**What you are asked to do**
Return each line of the records with nothing changed, pictures excepted.
*** Record excerpts
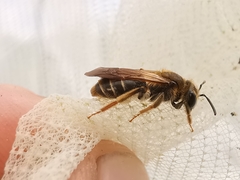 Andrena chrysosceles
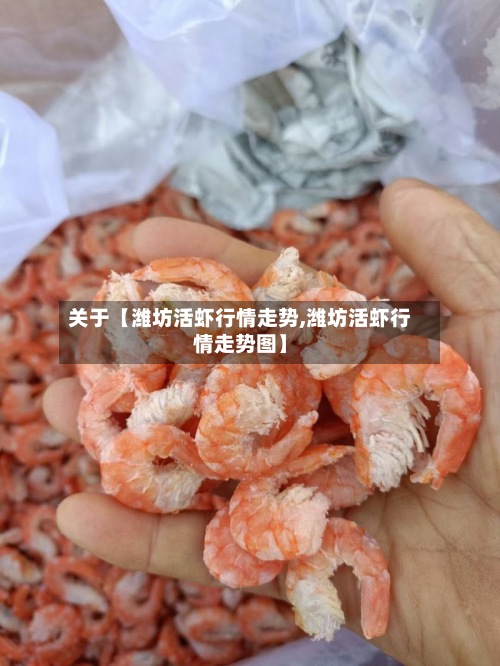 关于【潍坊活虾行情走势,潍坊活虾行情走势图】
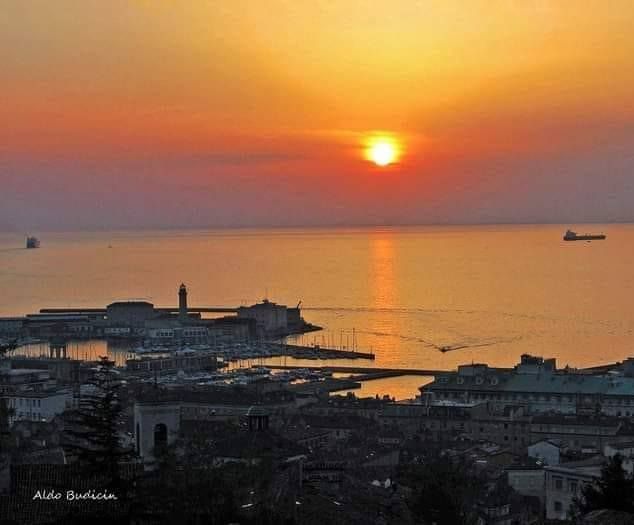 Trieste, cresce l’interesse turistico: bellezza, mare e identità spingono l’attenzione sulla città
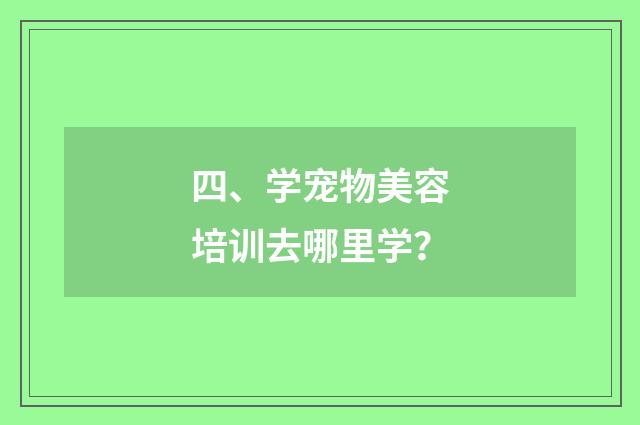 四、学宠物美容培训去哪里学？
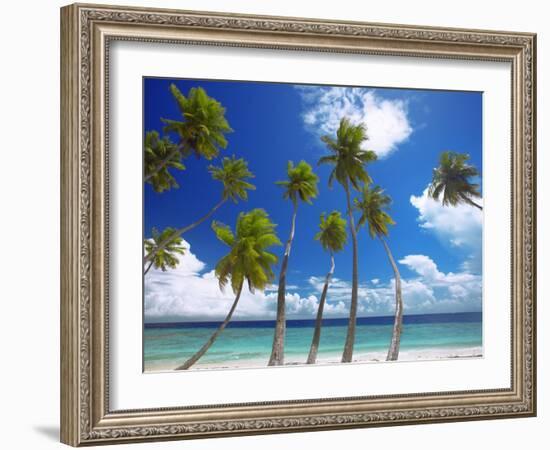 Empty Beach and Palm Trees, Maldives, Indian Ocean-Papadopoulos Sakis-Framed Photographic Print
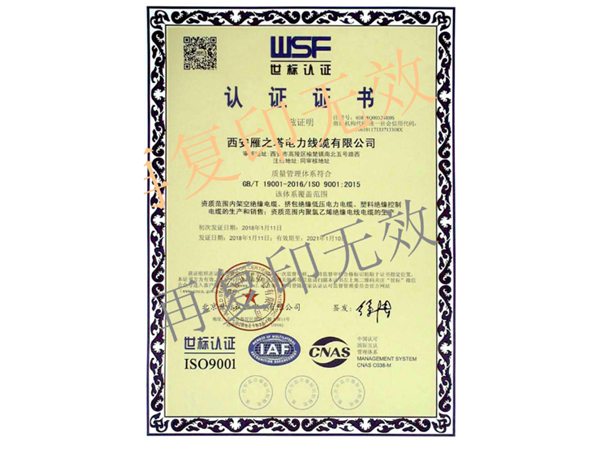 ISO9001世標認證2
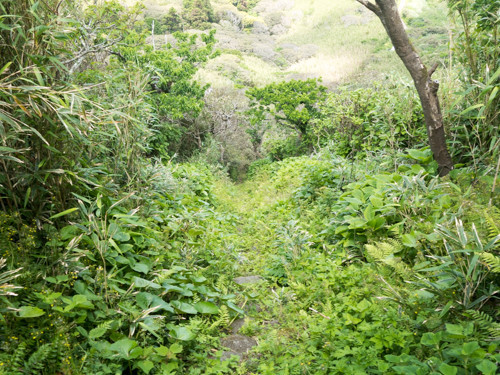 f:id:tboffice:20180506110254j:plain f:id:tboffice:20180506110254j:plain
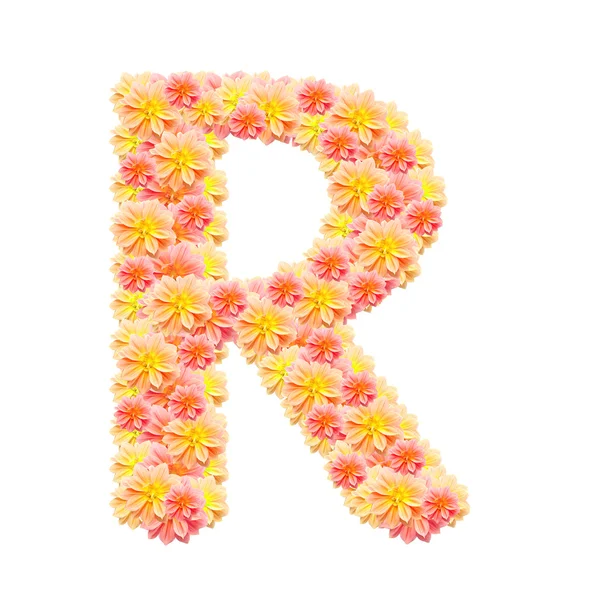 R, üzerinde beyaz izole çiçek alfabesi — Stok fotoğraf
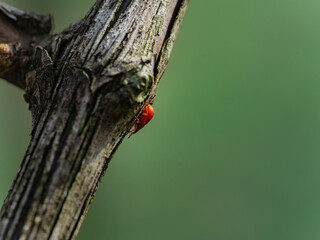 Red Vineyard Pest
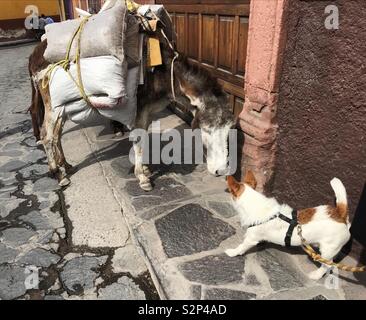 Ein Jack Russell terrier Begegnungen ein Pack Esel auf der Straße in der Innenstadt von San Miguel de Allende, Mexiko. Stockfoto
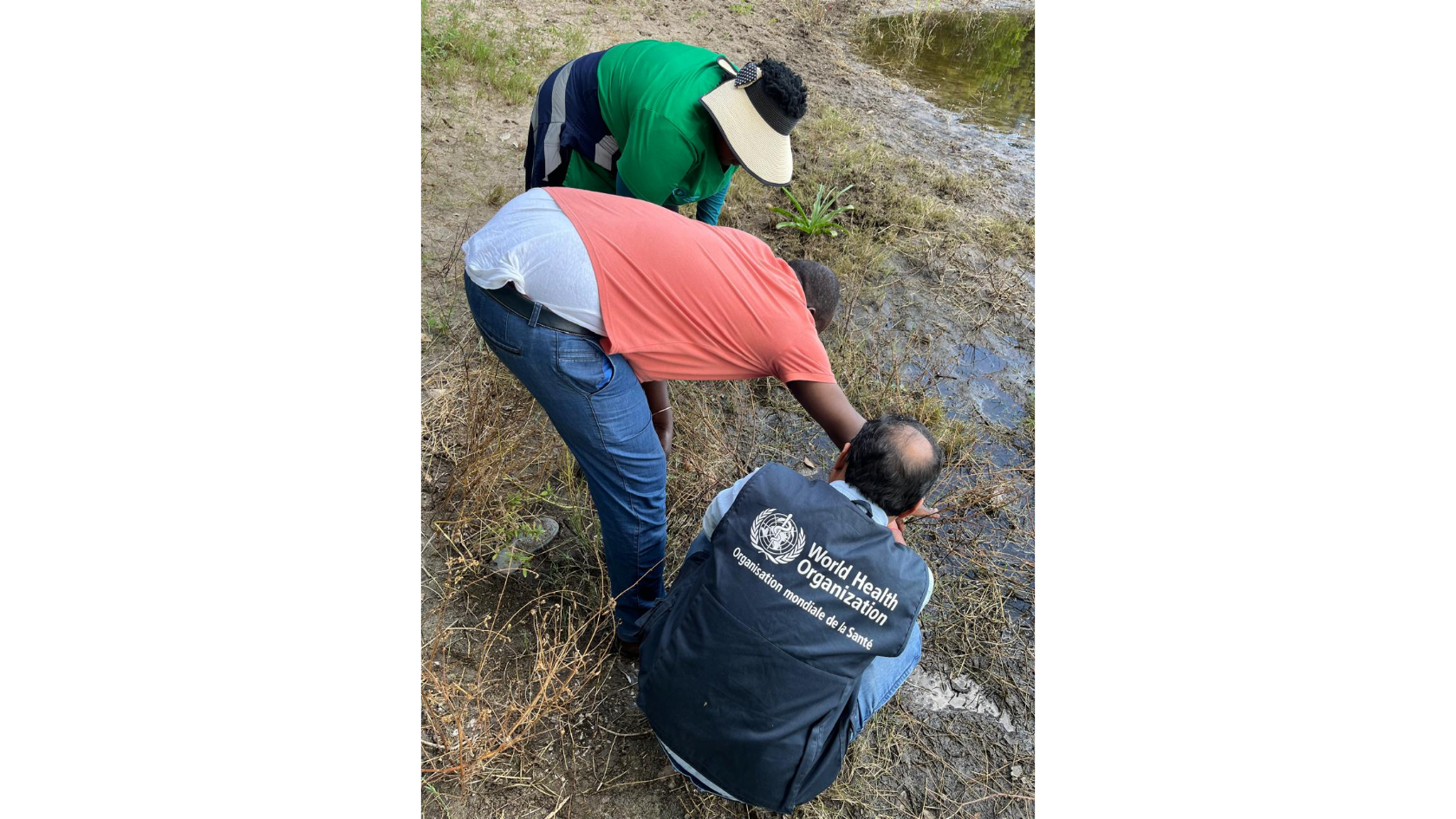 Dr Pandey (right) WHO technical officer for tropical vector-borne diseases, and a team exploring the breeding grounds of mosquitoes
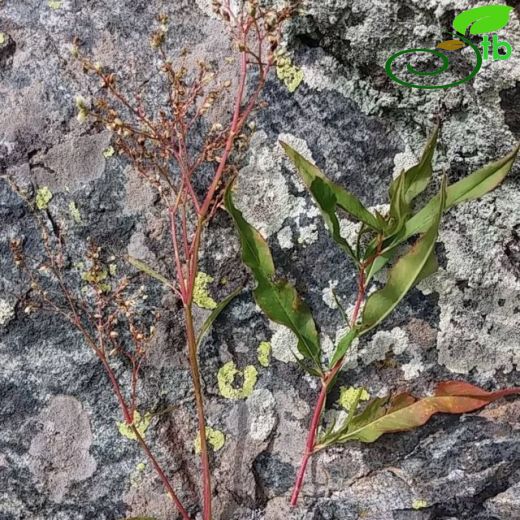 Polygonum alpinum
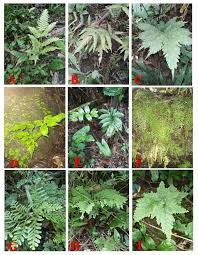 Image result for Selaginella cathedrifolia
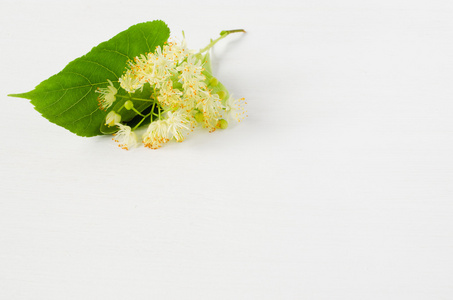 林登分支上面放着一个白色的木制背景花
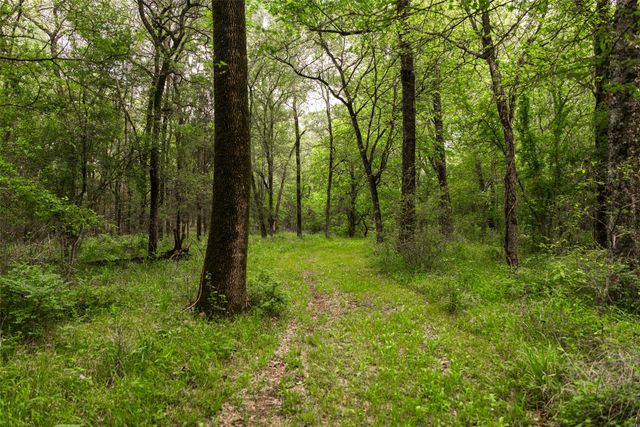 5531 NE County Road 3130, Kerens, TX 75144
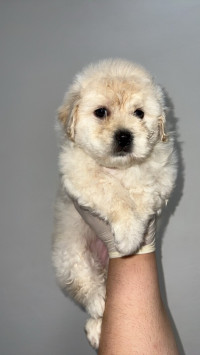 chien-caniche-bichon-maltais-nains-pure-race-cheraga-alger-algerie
******
**Response below**
 Andrena chrysosceles
 关于【潍坊活虾行情走势,潍坊活虾行情走势图】
 Trieste, cresce l’interesse turistico: bellezza, mare e identità spingono l’attenzione sulla città
 四、学宠物美容培训去哪里学？
 Empty Beach and Palm Trees, Maldives, Indian Ocean-Papadopoulos Sakis-Framed Photographic Print
 ISO9001世標認證2
 f:id:tboffice:20180506110254j:plain f:id:tboffice:20180506110254j:plain
 R, üzerinde beyaz izole çiçek alfabesi — Stok fotoğraf
 Red Vineyard Pest
 Ein Jack Russell terrier Begegnungen ein Pack Esel auf der Straße in der Innenstadt von San Miguel de Allende, Mexiko. Stockfoto
 Dr Pandey (right) WHO technical officer for tropical vector-borne diseases, and a team exploring the breeding grounds of mosquitoes
 Polygonum alpinum
 Image result for Selaginella cathedrifolia
 林登分支上面放着一个白色的木制背景花
 5531 NE County Road 3130, Kerens, TX 75144
 chien-caniche-bichon-maltais-nains-pure-race-cheraga-alger-algerie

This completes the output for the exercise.